Segundo explica Abreu, na rota proposta pela AEA para o estabelecimento de uma política de eficiência energética sustentável, é necessário primeiro estabelecer a metodologia de medição de CO2 dos combustíveis de forma justa e isenta, do poço à roda, considerando também o uso da terra e defensivos agrícolas “sem paixões”. Também é preciso fazer o etanol evoluir e se tornar uma commodity mundial, com nível de pureza melhorado, para então fazer com que o biocombustível participe efetivamente das rotas tecnológicas aplicadas aos veículos para redução de consumo e emissões, inclusive na eletrificação, para uso em modelos híbridos, por exemplo.
Uma das medidas urgentes para transformar o etanol hidratado brasileiro em um combustível internacional e mais eficiente e calórico é a redução da quantidade de água dos atuais 7,5% para menos de 2%, criando uma espécie de etanol premium com 98,4% de pureza, o que por si só pode reduzir o consumo em torno de 5%. O porcentual é menor dos que os 99,3% do etanol anidro hoje adicionado em 27% à gasolina no Brasil, mas segundo Abreu o seria tão eficiente quanto e duas vezes mais barato para produzir.

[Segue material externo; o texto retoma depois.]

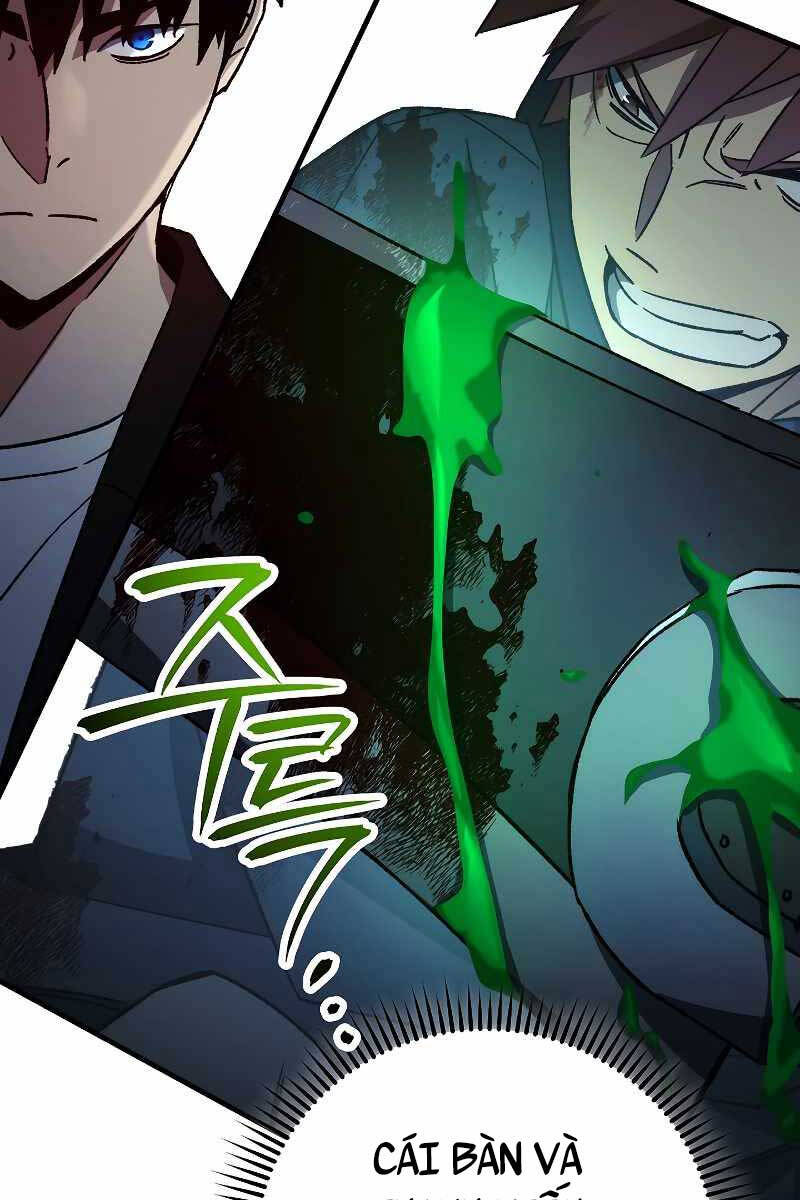 Anh Hùng Trở Về Chap 53 - Next Chap 54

Essa solução já está em estudo nos Estados Unidos para se criar o E25-E30 HOF (sigla para high octane fuel), combustível de alta octanagem com adição à gasolina de 25% a 30% de etanol 98,4%, em substituição a aditivos poluentes utilizados atualmente. Em testes com um motor 2.0 turbo com injeção direta, alimentado com E30 HOF, houve redução de 5% no consumo – e por consequência das emissões de GEE.
“É fundamental termos um etanol eficiente para desenvolver o novo veículo flex (bicombustível), mais econômico e com potencial de exportação”, defende Abreu. Ele destaca ainda que apenas o uso de etanol mais eficiente misturado à gasolina na frota de modelos flex, em proporção variável entre E39% a E55%, já faria o nível médio das emissões brasileiras de GEE veicular baixar para as metas europeias. A isso se somam diversas tecnologias já disponíveis, como o uso de sistema start-stop, pneus “verdes” de baixa resistência ao rolamento, compressores variáveis de ar-condicionado, direção elétrica, peças e lubrificantes com redução de atrito, comando variável de válvulas, turboalimentação e injeção direta de combustível – neste caso, com a grande vantagem de o etanol reduzir muito a emissão de material particulado que a gasolina gera na injeção direta.
Segundo estudos divulgados no documento da AEA, todas essas tecnologias somadas à adoção de eletrificação mild hybrid (com bateria de 48V, recuperação de energia de frenagem e impulsor elétrico para partidas com o motor a combustão desligado) poderiam fazer a emissões brasileiras de GEE dos carros abastecidos só com etanol (E100) cair a menos de 10 gCO2/km (considerando o ciclo do poço à roda), pagando uma fração do custo de um elétrico puro ou híbrido total. O documento da AEA faz esse cenário parecer bastante possível. Para isso, bastará praticar a política certa.